Wal-Mart coming back for neighborhood meetings in Plymouth

It has been more than eight months since the Plymouth City Council repealed the one-year ordinance prohibiting development on the site of the nearly vacant Four Seasons Mall. The owners of the property, Wal-Mart, still haven’t submitted an application to build a store on the site.

The reason for the delay is to ensure that the building plan is consistent with the community’s vision and the city’s goals, said Wal-Mart’s spokeswoman Lisa Nelson.

Wal-Mart plans to hold several neighborhood meetings this fall to obtain feedback and input that can then be implemented into the ultimate application, she said.

The plan for the 150,000 to 180,000 square-foot Supercenter will not only be shaped by the neighbors’ request and comments but also by the city’s guiding principles for the site, which were approved by the council last winter.

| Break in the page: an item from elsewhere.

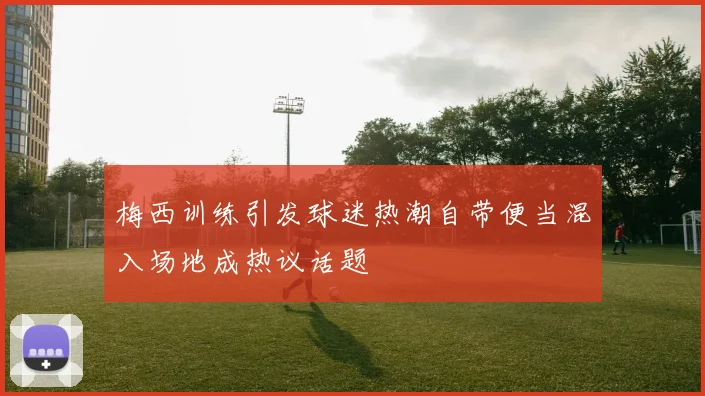 梅西训练引发球迷热潮自带便当混入场地成热议话题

During the one-year development moratorium, city staff extensively researched the Four Seasons Mall site to determine market demand, potential future uses for the site and a framework the council can use when reviewing and evaluating future development proposals.

That framework is essentially the guiding principles – a set of standards that focus on land use and urban design, architecture, transportation and connectivity and storm water treatment techniques.

Larson said she is absolutely certain that Wal-Mart will “not have any problem meeting the guidelines and design standards.”

The land currently occupied by the 34-year-old Four Seasons Mall at the corner of Highway 169 and Rockford Road is a great location, Larson added.

The $10.6 million Wal-Mart shelled out to purchase the land will bring commerce and redevelopment to an area that has been lacking it for years, she said.

Currently, the only business remaining in the 117,000 square-foot mall is Kaplan Professional Schools.

In response to the statement that some city staff does not think the site is conducive for a big box retailer, Larson said that Wal-Mart has completed extensive research and she would beg to differ.

“Why would Wal-Mart purchase the property if we didn’t think it would be successful?” she questioned.

According to the market study conducted at the request of the city, the projected market demand for the site could only accommodate 85,000 square- feet of retail space, significantly smaller than the Wal-Mart that is envisioned for the site.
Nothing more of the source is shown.